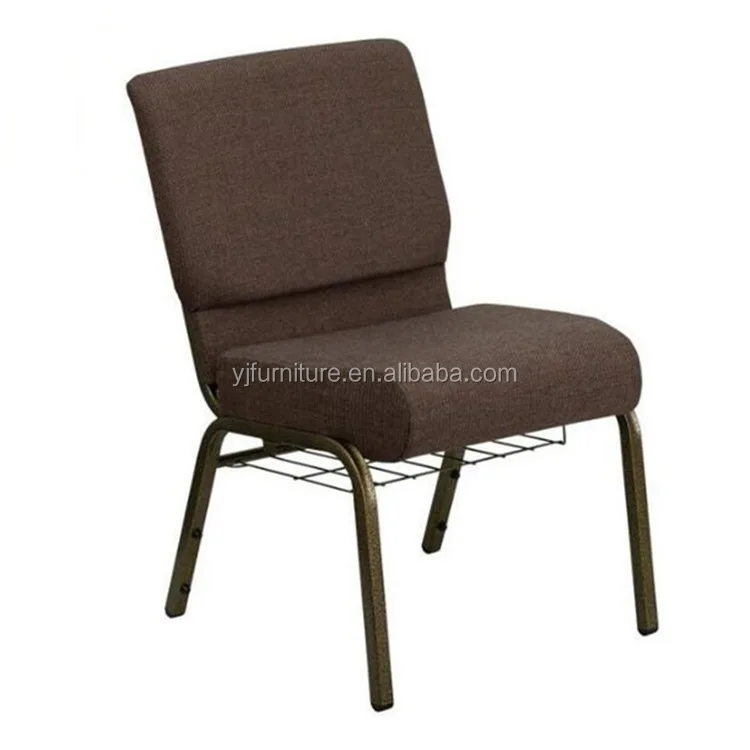 Wholesale Comfortable Church Chair Used With Bookrack Buy Church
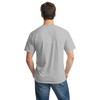 Gildan Adult Heavy Cotton T-Shirt - Ice Grey - Small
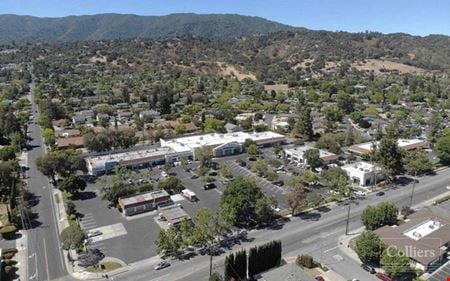 A look at WALGREENS SQUARE commercial space in Los Gatos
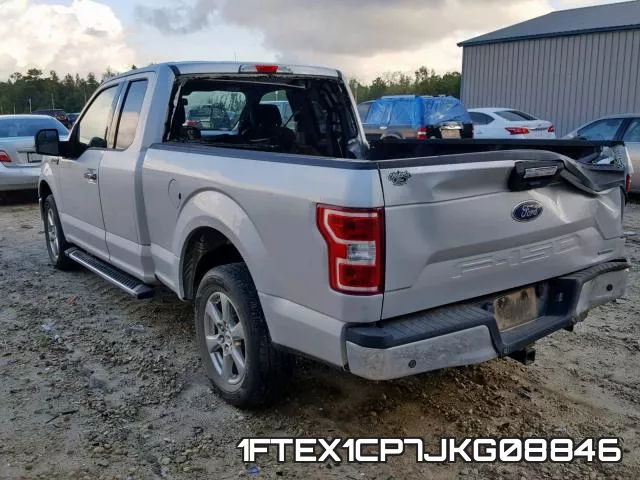 1FTEX1CP7JKG08846 фото 3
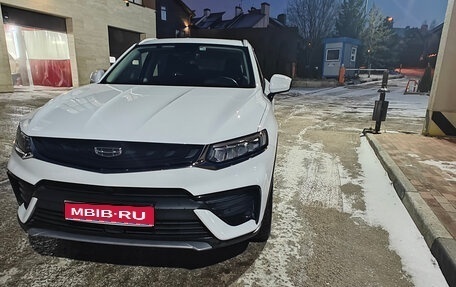 Geely Tugella FY11, 2021 год, 2 600 000 рублей, 1 фотография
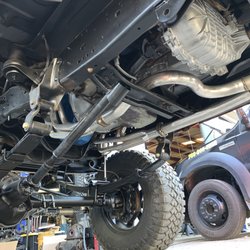 Coosa Valley 4 Wheel Drive - 87 f250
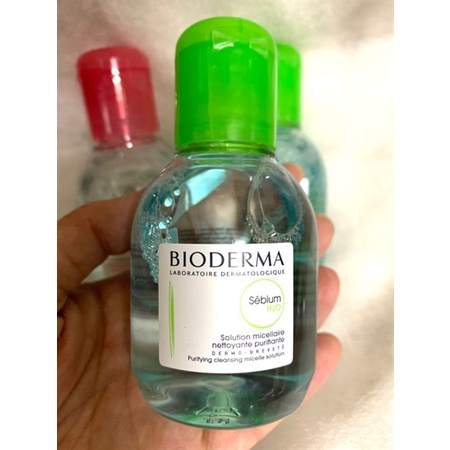 Nước tẩy trang Bio.derma cho da nhạy cảm Sensibio H2O 100ml BITT01 | BigBuy360 - bigbuy360.vn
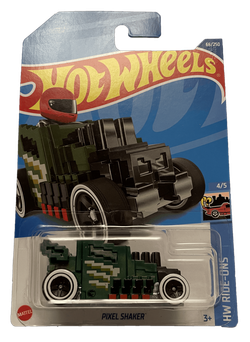 Hot Wheels Treasure Hunt Pixel Shaker (2022)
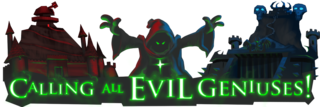 Evil Genius Building Competition! Evil Genius Building Competition!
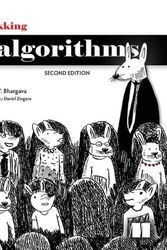 Cover Art for 9781633438538, Grokking Algorithms, Second Edition by Aditya Y. Bhargava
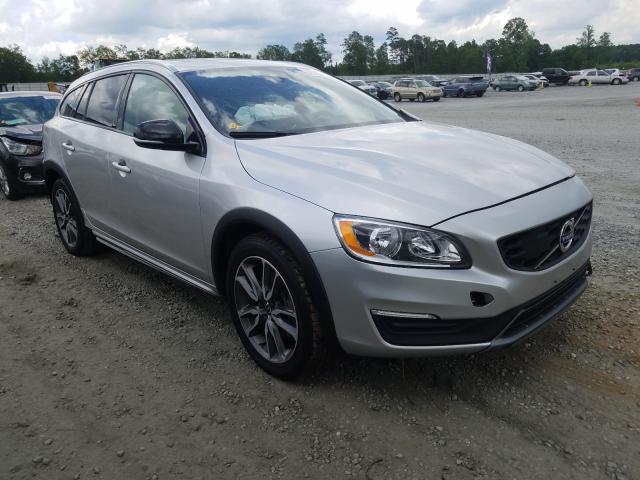2017 volvo v60 cross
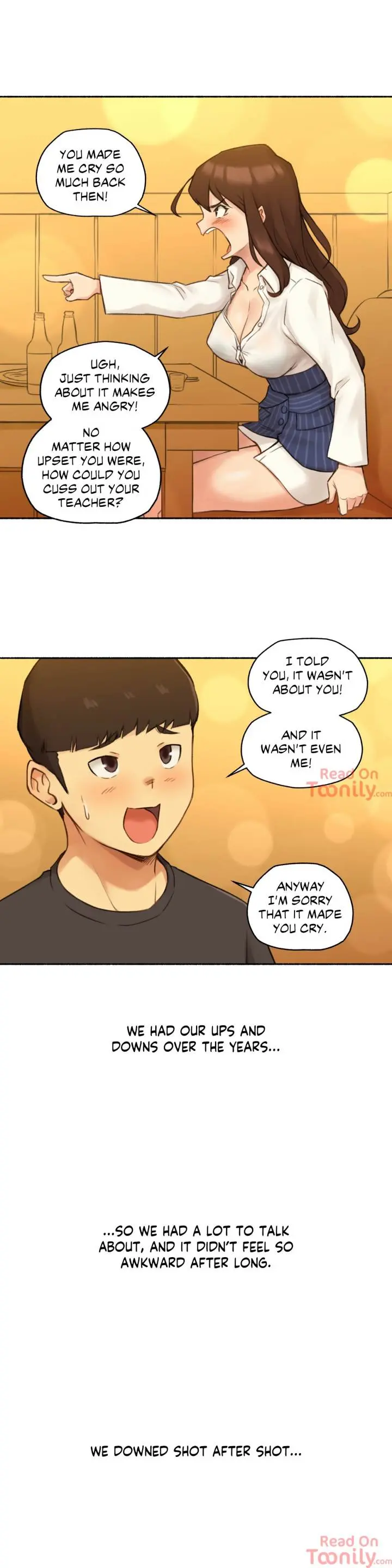 Sexual Exploits Manhwa Bgagbb Chapter 11 - Page 27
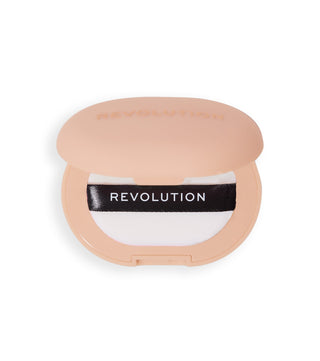 Revolution Powder Pops & Pop Grip Capa de Silicone – Peach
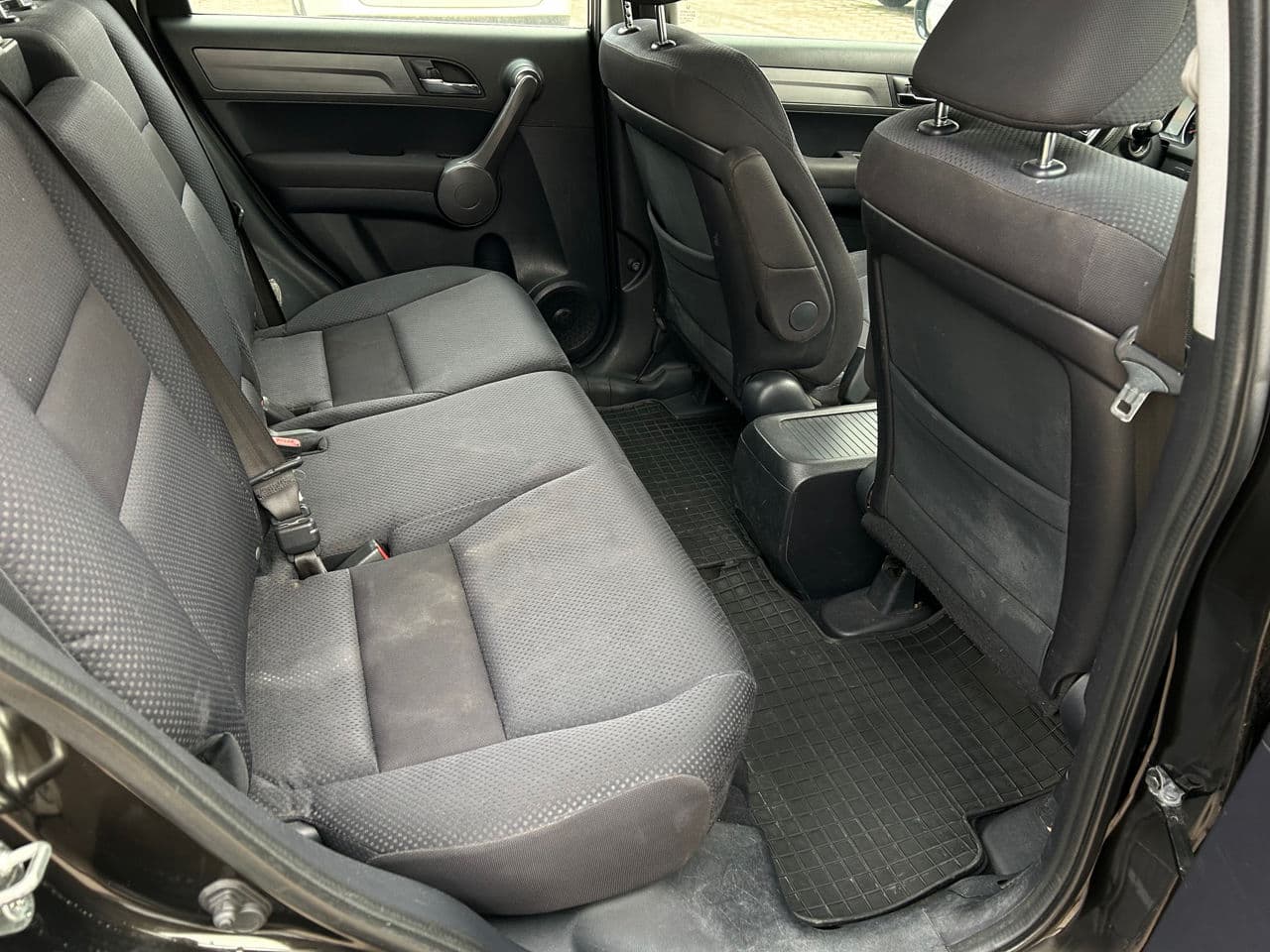 2008 Honda CR-V — Miniatură 14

......

=== Task directions ===
Skipping any pictures, copy the line that holds "A look at WALGREENS" and each line after it through the last line of the records, unchanged, and no other lines.

=== Solution for this exercise ===
 A look at WALGREENS SQUARE commercial space in Los Gatos
 1FTEX1CP7JKG08846 фото 3
 Geely Tugella FY11, 2021 год, 2 600 000 рублей, 1 фотография
 Coosa Valley 4 Wheel Drive - 87 f250
 Nước tẩy trang Bio.derma cho da nhạy cảm Sensibio H2O 100ml BITT01 | BigBuy360 - bigbuy360.vn
 Hot Wheels Treasure Hunt Pixel Shaker (2022)
 Evil Genius Building Competition! Evil Genius Building Competition!
 Cover Art for 9781633438538, Grokking Algorithms, Second Edition by Aditya Y. Bhargava
2017 volvo v60 cross
 Sexual Exploits Manhwa Bgagbb Chapter 11 - Page 27
 Revolution Powder Pops & Pop Grip Capa de Silicone – Peach
 2008 Honda CR-V — Miniatură 14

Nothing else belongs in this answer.